Does number of gradient accumulation steps affect model's performance?

Hi, I wanted to imitate training with a large batch size using gradient accumulation approach as per this article, due to a lack of GPU memory for a larger batch. A snippet of the code is below:

model.zero_grad()                                   # Reset gradients tensors
for i, (inputs, labels) in enumerate(training_set):
    predictions = model(inputs)                     # Forward pass
    loss = loss_function(predictions, labels)       # Compute loss function
    loss = loss / accumulation_steps                # Normalize our loss (if averaged)
    loss.backward()                                 # Backward pass
    if (i+1) % accumulation_steps == 0:             # Wait for several backward steps
        optimizer.step()                            # Now we can do an optimizer step
        model.zero_grad()                           # Reset gradients tensors
        if (i+1) % evaluation_steps == 0:           # Evaluate the model when we...
            evaluate_model()                        # ...have no gradients accumulated

For some reason, I find that the results of training vary for different values of gradient_accumulation_steps. I also see that others also report different results for different values of gradient_accumulation_steps (for example, this issue is from the project I was trying to replicate).

I was wondering if the number of steps can indeed in any way influence the performance of the model (for a fixed batch size)? My understanding was that this parameter should only has effect on the speed of training, but not the results, as long as the batch size is the same.
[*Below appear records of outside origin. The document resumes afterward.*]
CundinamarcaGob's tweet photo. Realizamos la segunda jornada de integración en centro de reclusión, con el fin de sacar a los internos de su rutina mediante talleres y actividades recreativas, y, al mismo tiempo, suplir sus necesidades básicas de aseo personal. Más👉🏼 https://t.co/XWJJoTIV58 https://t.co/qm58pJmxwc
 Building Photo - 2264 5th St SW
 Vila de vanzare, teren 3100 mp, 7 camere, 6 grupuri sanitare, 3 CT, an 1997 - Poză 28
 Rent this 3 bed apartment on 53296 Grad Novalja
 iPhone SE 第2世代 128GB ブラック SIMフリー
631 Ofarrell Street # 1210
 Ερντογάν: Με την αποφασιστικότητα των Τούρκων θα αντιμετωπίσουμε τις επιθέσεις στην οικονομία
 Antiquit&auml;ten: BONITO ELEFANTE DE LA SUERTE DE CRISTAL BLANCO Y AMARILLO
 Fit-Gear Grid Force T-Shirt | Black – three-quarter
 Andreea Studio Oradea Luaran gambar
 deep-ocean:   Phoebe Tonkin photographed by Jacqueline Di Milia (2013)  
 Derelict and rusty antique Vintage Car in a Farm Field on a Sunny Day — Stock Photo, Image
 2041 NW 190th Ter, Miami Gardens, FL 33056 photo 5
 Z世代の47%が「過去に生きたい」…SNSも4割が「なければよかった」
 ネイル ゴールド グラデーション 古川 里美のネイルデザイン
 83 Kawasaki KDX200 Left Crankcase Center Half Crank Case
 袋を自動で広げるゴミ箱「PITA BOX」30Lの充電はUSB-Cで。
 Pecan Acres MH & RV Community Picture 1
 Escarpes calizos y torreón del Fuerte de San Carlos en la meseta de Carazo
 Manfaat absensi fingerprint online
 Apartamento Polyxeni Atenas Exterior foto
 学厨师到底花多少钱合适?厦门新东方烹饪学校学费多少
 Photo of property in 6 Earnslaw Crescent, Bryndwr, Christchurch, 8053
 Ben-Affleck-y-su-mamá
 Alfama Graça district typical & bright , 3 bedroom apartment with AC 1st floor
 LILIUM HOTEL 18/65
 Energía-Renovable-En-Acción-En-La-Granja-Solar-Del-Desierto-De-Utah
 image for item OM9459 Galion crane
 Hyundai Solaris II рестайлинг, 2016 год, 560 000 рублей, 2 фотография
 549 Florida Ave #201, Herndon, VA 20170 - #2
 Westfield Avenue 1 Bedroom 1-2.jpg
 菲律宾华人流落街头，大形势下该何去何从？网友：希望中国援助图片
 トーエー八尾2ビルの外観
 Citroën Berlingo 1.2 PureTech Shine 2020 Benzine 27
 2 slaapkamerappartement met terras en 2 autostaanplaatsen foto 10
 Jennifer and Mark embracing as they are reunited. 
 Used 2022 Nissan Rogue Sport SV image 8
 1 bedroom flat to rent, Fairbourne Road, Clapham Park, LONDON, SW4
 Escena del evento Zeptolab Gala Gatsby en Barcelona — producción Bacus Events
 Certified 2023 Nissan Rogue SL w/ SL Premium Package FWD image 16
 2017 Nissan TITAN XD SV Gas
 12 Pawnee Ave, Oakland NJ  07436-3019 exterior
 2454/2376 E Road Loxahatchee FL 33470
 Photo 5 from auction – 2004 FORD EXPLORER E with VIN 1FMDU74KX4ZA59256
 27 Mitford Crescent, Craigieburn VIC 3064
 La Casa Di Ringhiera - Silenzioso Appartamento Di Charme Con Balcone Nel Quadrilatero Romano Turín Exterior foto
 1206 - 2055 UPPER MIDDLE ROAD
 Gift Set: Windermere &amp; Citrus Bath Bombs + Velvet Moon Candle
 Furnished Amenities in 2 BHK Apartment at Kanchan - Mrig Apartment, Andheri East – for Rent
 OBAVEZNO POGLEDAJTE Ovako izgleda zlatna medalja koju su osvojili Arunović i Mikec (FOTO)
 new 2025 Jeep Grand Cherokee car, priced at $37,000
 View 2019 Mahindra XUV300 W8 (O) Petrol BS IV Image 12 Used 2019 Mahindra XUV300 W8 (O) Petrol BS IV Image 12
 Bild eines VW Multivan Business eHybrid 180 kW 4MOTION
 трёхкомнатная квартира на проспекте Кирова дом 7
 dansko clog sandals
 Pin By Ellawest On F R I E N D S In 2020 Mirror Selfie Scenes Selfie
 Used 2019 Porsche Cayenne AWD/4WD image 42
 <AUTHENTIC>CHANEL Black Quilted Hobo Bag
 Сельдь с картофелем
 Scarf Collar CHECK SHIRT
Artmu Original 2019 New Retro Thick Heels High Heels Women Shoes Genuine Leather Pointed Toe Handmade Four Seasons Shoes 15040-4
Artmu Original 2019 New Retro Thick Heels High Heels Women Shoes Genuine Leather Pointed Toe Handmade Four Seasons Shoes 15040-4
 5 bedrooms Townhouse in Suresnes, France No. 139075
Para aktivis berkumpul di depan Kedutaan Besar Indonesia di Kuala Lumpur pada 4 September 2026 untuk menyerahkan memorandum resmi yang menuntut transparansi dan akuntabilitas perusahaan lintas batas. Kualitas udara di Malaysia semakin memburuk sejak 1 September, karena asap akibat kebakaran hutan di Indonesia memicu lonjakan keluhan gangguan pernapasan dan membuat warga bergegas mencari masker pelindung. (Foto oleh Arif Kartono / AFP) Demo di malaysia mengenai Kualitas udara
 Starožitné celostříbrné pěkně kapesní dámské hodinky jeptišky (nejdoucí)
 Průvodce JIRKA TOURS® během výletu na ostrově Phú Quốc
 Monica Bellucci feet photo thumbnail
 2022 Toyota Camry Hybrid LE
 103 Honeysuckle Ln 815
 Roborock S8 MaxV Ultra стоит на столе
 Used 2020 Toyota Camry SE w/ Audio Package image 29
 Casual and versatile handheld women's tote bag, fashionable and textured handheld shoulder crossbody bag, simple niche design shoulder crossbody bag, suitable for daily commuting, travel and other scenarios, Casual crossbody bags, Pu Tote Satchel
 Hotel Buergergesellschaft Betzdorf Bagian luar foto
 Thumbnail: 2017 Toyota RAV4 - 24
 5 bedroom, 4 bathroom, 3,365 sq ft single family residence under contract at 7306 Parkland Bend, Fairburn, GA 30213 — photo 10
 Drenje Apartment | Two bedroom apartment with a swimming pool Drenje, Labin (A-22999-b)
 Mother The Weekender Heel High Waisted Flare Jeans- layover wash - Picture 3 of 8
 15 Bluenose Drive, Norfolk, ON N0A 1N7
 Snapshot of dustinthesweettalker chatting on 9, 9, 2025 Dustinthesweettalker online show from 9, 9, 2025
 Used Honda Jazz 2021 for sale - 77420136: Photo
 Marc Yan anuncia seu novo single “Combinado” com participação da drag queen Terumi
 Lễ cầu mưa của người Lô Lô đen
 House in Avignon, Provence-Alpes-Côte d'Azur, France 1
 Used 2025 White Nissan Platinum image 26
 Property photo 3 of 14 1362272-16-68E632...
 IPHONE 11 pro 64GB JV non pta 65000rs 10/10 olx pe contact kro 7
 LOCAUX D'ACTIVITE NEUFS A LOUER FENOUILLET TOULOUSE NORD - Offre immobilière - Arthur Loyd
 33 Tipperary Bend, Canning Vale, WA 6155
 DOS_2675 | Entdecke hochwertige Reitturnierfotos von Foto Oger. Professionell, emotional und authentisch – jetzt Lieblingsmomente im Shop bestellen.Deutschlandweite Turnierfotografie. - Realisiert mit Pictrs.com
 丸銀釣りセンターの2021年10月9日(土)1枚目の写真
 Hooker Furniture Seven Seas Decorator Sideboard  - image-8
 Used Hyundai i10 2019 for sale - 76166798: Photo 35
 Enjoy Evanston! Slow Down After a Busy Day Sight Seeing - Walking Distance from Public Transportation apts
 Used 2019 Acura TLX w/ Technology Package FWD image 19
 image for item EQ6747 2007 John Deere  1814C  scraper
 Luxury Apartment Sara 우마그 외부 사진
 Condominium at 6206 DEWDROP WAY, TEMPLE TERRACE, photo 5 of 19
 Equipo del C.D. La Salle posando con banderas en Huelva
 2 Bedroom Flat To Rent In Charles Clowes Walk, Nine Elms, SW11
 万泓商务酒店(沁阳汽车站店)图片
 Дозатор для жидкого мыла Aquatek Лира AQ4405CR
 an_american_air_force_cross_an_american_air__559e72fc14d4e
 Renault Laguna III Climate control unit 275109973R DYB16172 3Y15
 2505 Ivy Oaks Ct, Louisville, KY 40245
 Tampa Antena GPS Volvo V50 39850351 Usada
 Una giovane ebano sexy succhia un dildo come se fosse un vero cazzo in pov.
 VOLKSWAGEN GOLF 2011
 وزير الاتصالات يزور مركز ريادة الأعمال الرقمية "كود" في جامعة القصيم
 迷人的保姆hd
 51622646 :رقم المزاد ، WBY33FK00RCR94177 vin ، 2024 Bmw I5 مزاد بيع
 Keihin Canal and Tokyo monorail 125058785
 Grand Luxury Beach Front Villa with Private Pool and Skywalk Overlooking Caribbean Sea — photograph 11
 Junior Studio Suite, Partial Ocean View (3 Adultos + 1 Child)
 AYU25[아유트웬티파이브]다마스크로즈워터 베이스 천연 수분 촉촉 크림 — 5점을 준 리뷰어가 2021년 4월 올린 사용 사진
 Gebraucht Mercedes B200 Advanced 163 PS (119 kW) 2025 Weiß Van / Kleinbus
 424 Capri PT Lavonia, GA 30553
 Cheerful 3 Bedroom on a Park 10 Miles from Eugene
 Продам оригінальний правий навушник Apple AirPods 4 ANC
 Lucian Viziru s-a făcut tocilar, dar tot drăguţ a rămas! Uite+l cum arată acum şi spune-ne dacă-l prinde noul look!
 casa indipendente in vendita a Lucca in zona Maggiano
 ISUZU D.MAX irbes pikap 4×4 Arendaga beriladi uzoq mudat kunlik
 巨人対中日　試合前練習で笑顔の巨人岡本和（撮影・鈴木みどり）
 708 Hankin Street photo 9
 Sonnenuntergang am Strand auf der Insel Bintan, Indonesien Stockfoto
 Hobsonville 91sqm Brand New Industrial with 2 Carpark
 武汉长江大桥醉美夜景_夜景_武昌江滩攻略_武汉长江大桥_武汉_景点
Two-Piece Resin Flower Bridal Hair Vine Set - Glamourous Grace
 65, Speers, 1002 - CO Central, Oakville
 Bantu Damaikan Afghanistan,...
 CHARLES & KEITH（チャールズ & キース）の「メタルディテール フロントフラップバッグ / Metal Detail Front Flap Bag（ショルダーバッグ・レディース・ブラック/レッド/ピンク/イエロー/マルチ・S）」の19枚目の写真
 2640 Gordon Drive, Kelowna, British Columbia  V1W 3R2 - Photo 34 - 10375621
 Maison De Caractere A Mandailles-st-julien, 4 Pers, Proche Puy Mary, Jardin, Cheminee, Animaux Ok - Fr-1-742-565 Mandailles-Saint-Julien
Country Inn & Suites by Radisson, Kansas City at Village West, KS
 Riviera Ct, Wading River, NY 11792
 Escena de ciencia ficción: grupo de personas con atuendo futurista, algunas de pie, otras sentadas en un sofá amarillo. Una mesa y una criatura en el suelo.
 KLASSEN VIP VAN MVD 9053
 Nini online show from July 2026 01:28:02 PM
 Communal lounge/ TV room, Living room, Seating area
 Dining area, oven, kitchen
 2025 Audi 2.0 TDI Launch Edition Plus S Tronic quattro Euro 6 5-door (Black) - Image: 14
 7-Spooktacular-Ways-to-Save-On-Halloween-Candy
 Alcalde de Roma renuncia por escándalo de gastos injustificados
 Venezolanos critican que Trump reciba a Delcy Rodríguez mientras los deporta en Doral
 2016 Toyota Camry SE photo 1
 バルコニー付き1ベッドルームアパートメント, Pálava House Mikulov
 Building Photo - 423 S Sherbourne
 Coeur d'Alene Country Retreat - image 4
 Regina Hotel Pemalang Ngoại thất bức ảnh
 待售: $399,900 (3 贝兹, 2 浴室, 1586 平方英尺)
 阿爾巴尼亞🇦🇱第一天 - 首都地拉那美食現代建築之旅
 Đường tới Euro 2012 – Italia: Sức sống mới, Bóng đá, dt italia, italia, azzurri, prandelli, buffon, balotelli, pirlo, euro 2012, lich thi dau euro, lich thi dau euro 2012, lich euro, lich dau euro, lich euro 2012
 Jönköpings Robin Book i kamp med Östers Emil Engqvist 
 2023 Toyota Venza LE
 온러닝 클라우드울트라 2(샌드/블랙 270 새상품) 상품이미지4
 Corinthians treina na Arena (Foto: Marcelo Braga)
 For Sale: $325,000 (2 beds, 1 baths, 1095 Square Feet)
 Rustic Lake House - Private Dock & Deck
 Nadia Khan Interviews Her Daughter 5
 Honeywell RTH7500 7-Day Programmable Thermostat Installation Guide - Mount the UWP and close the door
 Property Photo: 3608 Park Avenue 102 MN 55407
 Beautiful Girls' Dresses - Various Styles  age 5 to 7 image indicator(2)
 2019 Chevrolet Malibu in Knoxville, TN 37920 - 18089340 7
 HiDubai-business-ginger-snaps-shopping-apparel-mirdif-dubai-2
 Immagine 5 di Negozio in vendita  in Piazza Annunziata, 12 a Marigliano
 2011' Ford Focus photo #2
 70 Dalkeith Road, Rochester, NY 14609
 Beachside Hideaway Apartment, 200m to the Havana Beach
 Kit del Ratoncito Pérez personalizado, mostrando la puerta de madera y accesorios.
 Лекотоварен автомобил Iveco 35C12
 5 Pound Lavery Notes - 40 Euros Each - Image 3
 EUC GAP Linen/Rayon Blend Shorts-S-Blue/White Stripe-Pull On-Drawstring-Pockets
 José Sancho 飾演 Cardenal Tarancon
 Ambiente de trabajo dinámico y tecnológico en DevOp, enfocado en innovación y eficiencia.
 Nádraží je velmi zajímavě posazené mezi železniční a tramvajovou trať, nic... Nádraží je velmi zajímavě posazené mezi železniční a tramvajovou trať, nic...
Your gradient accumulation approach might change the model performance, if you are using batch-size-dependent layers such as batchnorm layers.
Batchnorm layers will use the current batch statistic to update the running stats. The smaller the batch size the more noise these stats updates will have. You could try to counter this effect by changing the momentum of these layers.

Let me know, if that might be the case or if you are not using batchnorm layers.

Hi, @ptrblck. Yes, this seems to be the probable reason, thank you! I use Roberta as an encoder, so there are some BatchNorm modules in the encoder, but, as far as I can see, there are no batch-size dependent modules in the rest of the model (by the way, I’m curious now, if there any other popular batch-size dependent modules like batch norm).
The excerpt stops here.